Construire les outils de la confiance
Des collaborateurs-relais peuvent être désignés pour diffuser les connaissances collectives émergeant des partages de connaissances sur les bases de données de l’entreprise, sur l’Intranet, sur la chaîne de télévision interne… Là encore, l’entreprise peut être réticente à confier à une personne la formalisation des connaissances nouvelles créées de la confrontation des expériences, apprentissages, erreurs de ses collaborateurs. La question de la confiance se pose également de la part de l’entreprise envers son salarié.
L’entreprise peut prendre exemple sur les outils ou encyclopédies open source qui ont réussi à construire un modèle de validation et de contrôle qui ne laisse guère de place à l’erreur. Ainsi le système mis en place par Wikipédia est-il à la fois souple dans le processus de création d’information et extrêmement structuré dans le processus de validation.
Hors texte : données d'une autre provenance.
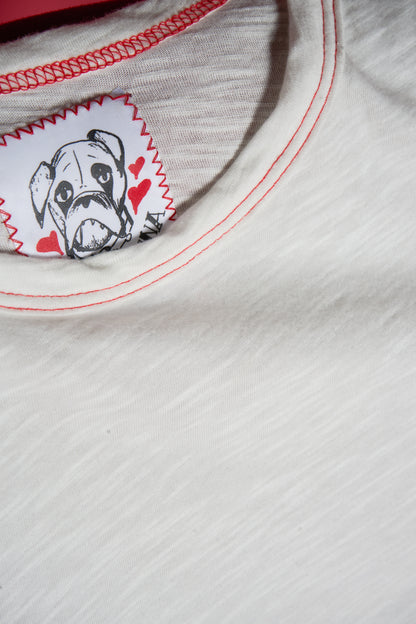 Boxer Tee (Preorder)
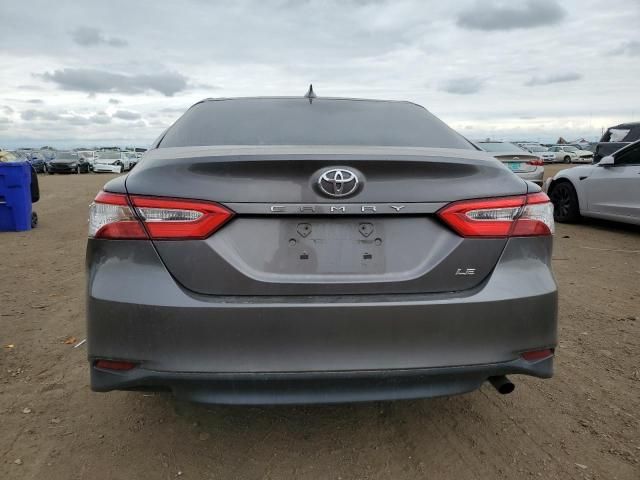 2019 Toyota Camry L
En 2007, dans leur ouvrage «Wikinomics. Comment l’intelligence collaborative bouleverse l’économie », Tapscott et Williams expliquent que « toutes les communautés du libre possèdent des processus hautement structurés et hiérarchiquement dirigés pour gérer l’assemblage fastidieux d’une infinité de contributions fragmentaires. C’est l’équilibre entre auto-organisation et direction hiérarchique qui permet de tirer parti d’un réservoir de talents extraordinairement diversifiés tout en réussissant l’intégration rigoureuse qu’exige quelque chose d’aussi complexe qu’un système d’exploitation. »
Au final…
L’entreprise apprenante cultive la flexibilité et le questionnement de ses processus internes. Elle valorise l’engagement de ses collaborateurs dans une démarche de formation continue multimodale. Elle encourage l’expérimentation et ne sanctionne pas l’erreur née de cette prise de risque. Elle favorise la co-construction d’apprentissages organisationnels pour faire évoluer ses savoirs et savoir-faire et garder un avantage concurrentiel. Elle est dirigée par une équipe capable de fixer des objectifs partagés entre tous les salariés et de remettre en cause ses modes de fonctionnement pour s’adapter au marché. Elle s’assure de l’adhésion de tous à ses valeurs.
Elle place la formation au centre de son développement car elle a bien compris que l’obsolescence des compétences individuelles entraîne un risque majeur pour sa pérennité.
Pas encore tout à fait une réalité, l’entreprise apprenante n’est désormais plus une utopie. Rendez-vous dans 10 ans.